"Measuring Valuation of Liquidity with Penalized Withdrawals" (with David Coyne and Tommaso Porzio) - Itzik Fadlon, University of California, San Diego and NBER

Oct 11, 1:20 pm2:35 pm
Julis Romo Rabinowitz Building, Rm 217 and via Zoom
Event Description

Itzik Fadlon is an Assistant Professor of Economics at the University of California, San Diego and a Faculty Research Fellow in the programs on Aging and Public Economics at the National Bureau of Economic Research. His primary fields of interest are public finance, health economics, and labor/family economics.

Itzik Fadlon will be presenting in person. Viewers may also attend via Zoom.

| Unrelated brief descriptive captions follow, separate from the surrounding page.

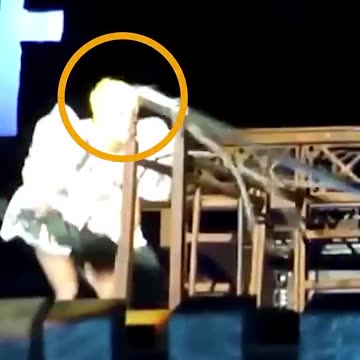 People Who Mocked God & Regretted It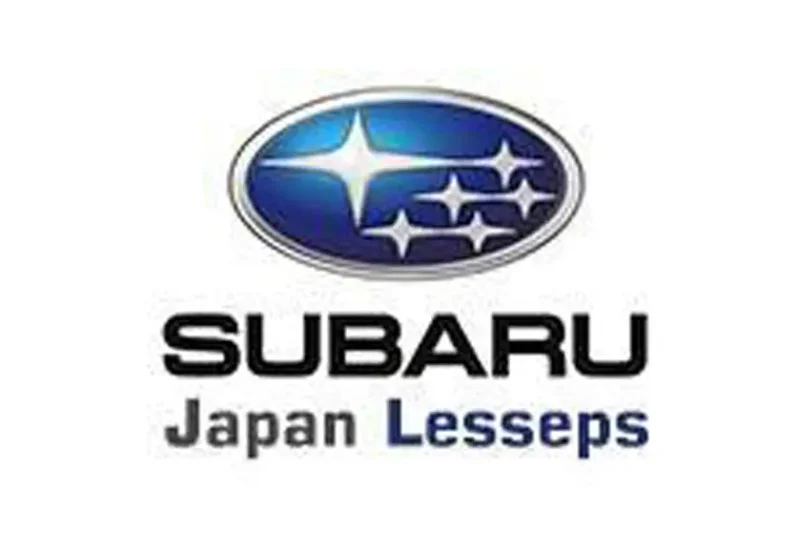 subaru-logo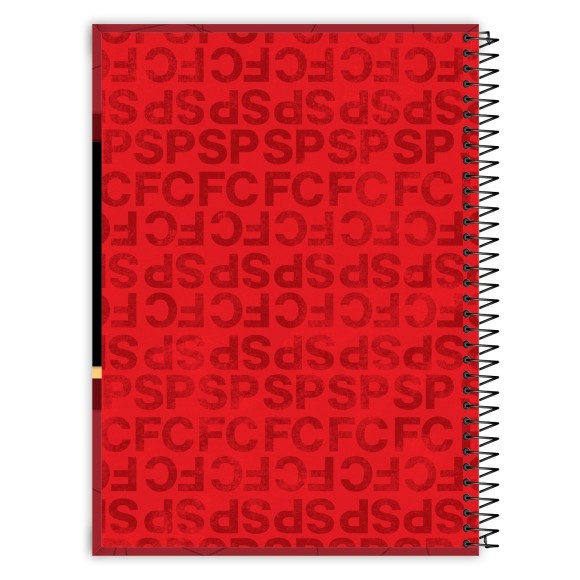https://www.papelariamaisbrasil.futurasistemas.com.br/image/cache/data/eftr/Img_ftr_rp_1455001-580x580.JPG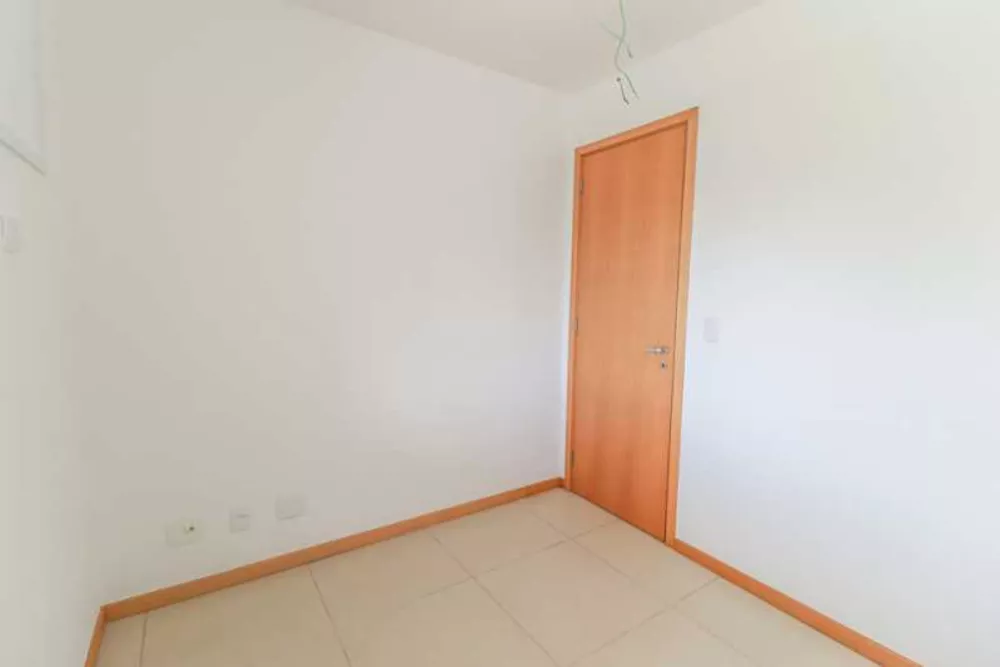 Apartamento, 3 quartos, 82 m² - Foto 8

We propose to use penalized withdrawals from retirement savings accounts, identified from U.S. tax records spanning two decades, as a revealed-preference tool to characterize households' valuation of liquidity. We start by documenting several new facts on penalized withdrawals behavior which suggest they are used for self-insurance and motivate us to interpret the prevalence of penalized withdrawals as a symptom of high valuation of liquidity. Informed by a simple model, we then use penalized withdrawals as a tool to characterize American households' valuation of liquidity over time and space. We first show that households facing adverse economic shocks have sudden, and persistent, increases in their valuation of liquidity. We then document a large spatial variation in the valuation of liquidity, and we use a movers design to show that location plays an important role, explaining over 30% of the entire variation. Merging our data with socio-economic indicators by commuting zone, we find that households in black communities have a higher valuation of liquidity, suggesting that they may be marginalized from the credit market. Finally, we apply our tool to a study of the Great Recession and find that in areas more severely affected by the downturn, liquidity needs increased for all workers, consistent with a tightening of the local credit conditions. Overall, our analysis offers a new tool for assessing variation in the valuation of liquidity and for enriching social insurance policies to target both households and locations over time.